Threaded between passes, never persisted — see Linx.Sysctl.Reconcile for the full rationale (it captures live pre-management values that die with the node). It is a map:

%{file => %{applied: value_we_wrote, original: raw_value_before_we_touched_it}}

When a file leaves the desired set it is released:

  • default — left at its current value, reported {:release, file} (we simply stop managing it);
  • with revert_on_release: true — the captured :original raw string is written back, reported {:revert, file, original}.

Strategy

cgroup limit writes are independent per file, so a pass is best-effort: every op is attempted, and any that fail collect in report.failed without starving the others. The next pass re-converges anything still wrong.

Example

{:ok, cg} = Linx.Cgroup.create("/sys/fs/cgroup/myorg/web-42")
:ok = Linx.Cgroup.enable_controllers("/sys/fs/cgroup/myorg", [:memory, :pids])

desired = %{"memory.max" => 256 * 1024 * 1024, "pids.max" => 100}

{:ok, r} = Linx.Cgroup.Reconcile.reconcile(cg, desired)
r.converged?
{:ok, r2} = Linx.Cgroup.Reconcile.reconcile(cg, desired, r.last_applied)  # idempotent

Summary

Types

Desired state: interface-file name to the value to converge on.

A cgroup interface-file name, e.g. "memory.max".

Reconciler-held ownership map, keyed by interface-file name.

A reconcile op. :set/:revert write; :release is a no-op marker.

Options for reconcile/4 and diff/4

Per-file ownership record. :applied is the value we last wrote; :original is the raw interface-file string present before we first touched the file (or nil if it was unreadable at capture time).

A desired knob value, in any shape Linx.Cgroup's setters accept.

Functions

Computes the ops that would converge observed to desired, given last_applied.
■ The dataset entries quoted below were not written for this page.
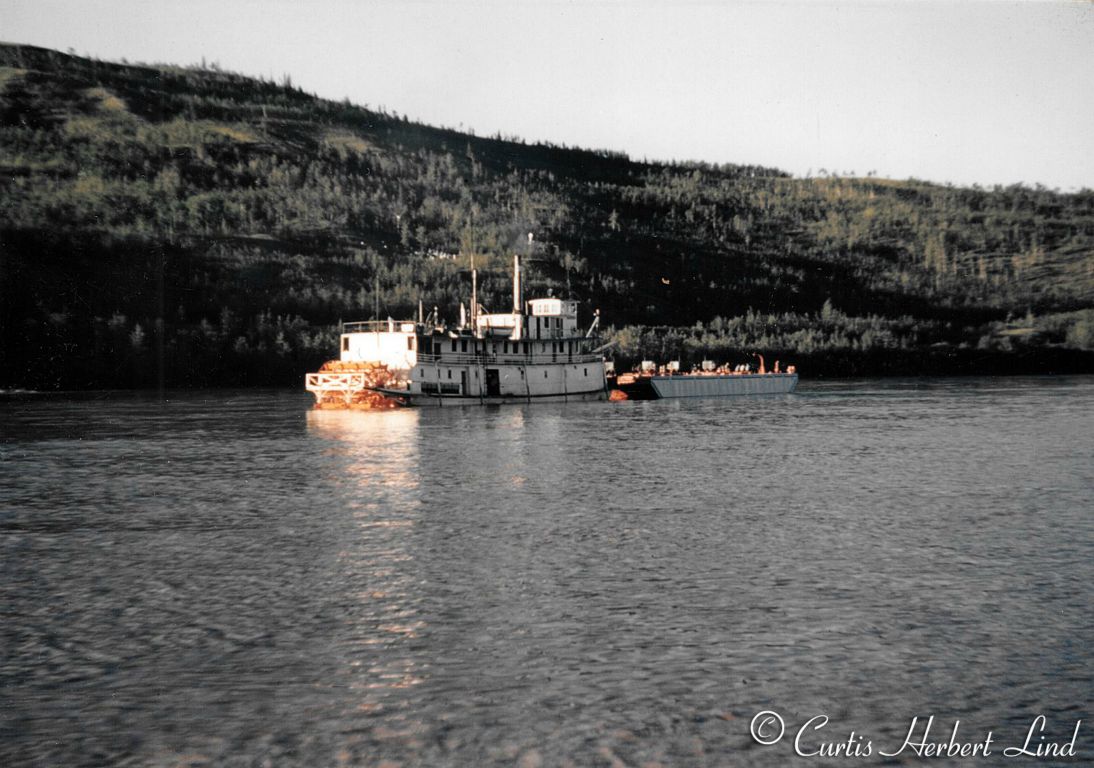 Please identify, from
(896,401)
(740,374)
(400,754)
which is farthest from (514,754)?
(740,374)

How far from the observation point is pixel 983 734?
36.2ft

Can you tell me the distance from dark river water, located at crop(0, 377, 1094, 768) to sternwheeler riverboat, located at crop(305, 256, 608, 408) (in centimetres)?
4576

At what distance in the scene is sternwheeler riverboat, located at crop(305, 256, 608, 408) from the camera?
8400 cm

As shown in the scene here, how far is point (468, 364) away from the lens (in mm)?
87938

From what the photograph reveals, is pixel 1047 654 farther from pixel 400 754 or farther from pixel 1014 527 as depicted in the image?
pixel 1014 527

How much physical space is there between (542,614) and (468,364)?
72255mm

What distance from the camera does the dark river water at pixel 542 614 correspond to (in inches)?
437

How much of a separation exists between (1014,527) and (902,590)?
27.8 ft

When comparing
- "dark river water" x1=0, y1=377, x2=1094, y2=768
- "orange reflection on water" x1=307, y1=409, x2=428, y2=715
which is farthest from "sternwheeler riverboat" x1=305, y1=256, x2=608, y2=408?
"dark river water" x1=0, y1=377, x2=1094, y2=768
Pure — no I/O.

Reads the current raw value of each interface file into a %{file => string} map. Files that can't be read (missing controller, absent cgroup) are simply absent — the diff treats an absent desired file as needing a write and lets the write surface the real error.

Runs one reconcile pass against desired for the cgroup at cg.

Types

desired()

@type desired() :: %{optional(file()) => value()}

Desired state: interface-file name to the value to converge on.

file()

@type file() :: String.t()

A cgroup interface-file name, e.g. "memory.max".

last_applied()

@type last_applied() :: %{optional(file()) => ownership()}

Reconciler-held ownership map, keyed by interface-file name.

op()

@type op() ::
  {:set, file(), value()} | {:revert, file(), binary()} | {:release, file()}

A reconcile op. :set/:revert write; :release is a no-op marker.

opts()

@type opts() :: [{:revert_on_release, boolean()}]
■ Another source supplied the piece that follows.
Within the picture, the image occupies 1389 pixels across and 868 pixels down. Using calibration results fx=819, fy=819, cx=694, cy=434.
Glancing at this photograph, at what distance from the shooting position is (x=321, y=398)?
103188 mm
Options for reconcile/4 and diff/4:

  • :revert_on_release — restore captured originals when a file leaves the desired set (default false).

ownership()

@type ownership() :: %{applied: value(), original: binary() | nil}

Per-file ownership record. :applied is the value we last wrote; :original is the raw interface-file string present before we first touched the file (or nil if it was unreadable at capture time).

value()

@type value() :: non_neg_integer() | :max | {pos_integer(), pos_integer()} | binary()

A desired knob value, in any shape Linx.Cgroup's setters accept.

Functions

diff(observed, desired, last_applied \\ %{}, opts \\ [])

@spec diff(%{optional(file()) => binary()}, desired(), last_applied(), opts()) :: [
  op()
]

Computes the ops that would converge observed to desired, given last_applied. Pure — no I/O.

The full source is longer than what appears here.